= Supplied material =
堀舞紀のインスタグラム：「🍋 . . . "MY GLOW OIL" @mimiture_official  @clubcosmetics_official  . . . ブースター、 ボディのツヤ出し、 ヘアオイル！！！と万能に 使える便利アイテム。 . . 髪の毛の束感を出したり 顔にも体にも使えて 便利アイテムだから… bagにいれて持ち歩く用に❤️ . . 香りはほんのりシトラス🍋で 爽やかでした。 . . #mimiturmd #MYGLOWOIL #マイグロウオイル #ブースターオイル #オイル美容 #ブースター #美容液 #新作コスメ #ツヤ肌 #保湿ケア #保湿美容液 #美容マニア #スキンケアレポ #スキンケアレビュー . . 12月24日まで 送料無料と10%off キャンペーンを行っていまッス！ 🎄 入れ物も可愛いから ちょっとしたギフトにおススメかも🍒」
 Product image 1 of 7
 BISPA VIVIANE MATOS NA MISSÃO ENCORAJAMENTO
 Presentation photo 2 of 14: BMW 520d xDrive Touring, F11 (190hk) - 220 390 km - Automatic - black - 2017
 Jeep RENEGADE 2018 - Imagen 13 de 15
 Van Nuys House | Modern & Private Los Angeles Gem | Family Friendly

= Exercise =
Reproduce exactly the lines running from the one with "BISPA VIVIANE MATOS NA MISSÃO ENCORAJAMENTO" to the last line of the listing above. Add nothing else.

= Your solution =
 BISPA VIVIANE MATOS NA MISSÃO ENCORAJAMENTO
 Presentation photo 2 of 14: BMW 520d xDrive Touring, F11 (190hk) - 220 390 km - Automatic - black - 2017
 Jeep RENEGADE 2018 - Imagen 13 de 15
 Van Nuys House | Modern & Private Los Angeles Gem | Family Friendly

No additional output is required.